*** Block opens ***

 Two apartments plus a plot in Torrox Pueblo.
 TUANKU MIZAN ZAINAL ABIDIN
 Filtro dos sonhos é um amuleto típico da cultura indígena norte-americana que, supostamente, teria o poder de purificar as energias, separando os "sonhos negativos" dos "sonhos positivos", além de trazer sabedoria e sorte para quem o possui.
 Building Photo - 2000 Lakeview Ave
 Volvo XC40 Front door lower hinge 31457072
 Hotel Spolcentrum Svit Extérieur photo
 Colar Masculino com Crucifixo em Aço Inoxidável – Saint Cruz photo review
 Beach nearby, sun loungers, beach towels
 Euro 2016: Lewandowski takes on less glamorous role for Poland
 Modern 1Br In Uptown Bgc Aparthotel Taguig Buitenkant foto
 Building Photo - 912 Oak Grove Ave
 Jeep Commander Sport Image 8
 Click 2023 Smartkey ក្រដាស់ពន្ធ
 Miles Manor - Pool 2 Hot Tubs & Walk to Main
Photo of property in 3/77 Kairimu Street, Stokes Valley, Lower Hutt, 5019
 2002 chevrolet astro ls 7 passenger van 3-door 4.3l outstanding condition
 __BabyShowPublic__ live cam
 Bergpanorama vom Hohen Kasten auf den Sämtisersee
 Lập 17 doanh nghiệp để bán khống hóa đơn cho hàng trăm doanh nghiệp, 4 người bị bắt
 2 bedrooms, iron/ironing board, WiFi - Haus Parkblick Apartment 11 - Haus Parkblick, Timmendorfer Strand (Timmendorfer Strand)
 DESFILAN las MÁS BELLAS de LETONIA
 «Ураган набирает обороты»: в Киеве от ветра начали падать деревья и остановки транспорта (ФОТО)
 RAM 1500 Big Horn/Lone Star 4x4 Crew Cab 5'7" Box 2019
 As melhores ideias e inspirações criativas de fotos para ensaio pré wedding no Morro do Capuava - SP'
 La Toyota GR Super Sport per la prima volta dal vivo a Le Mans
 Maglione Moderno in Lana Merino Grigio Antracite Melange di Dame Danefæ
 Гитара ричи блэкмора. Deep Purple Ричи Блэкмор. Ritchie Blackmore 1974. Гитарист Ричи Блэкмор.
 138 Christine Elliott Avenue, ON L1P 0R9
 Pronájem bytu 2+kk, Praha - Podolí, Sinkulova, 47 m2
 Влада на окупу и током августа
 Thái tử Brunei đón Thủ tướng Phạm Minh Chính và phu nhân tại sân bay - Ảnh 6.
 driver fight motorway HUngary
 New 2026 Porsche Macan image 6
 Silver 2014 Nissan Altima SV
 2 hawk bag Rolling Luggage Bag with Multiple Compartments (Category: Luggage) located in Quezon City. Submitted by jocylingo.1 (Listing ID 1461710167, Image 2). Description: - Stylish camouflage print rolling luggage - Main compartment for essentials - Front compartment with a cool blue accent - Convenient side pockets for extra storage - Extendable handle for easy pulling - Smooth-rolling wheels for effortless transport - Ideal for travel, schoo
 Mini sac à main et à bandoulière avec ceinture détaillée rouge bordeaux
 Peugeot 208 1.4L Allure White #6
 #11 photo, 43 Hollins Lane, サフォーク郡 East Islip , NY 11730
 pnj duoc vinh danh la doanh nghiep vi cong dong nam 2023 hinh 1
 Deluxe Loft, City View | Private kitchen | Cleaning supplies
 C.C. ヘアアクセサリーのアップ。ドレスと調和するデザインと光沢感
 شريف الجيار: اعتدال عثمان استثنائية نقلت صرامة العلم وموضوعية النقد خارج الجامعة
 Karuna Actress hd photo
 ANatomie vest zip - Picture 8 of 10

*** Block closes ***

■ EXERCISE ■
Count the lines in the records that contain the word "para", and give only that number.

■ TASK SOLUTION ■
2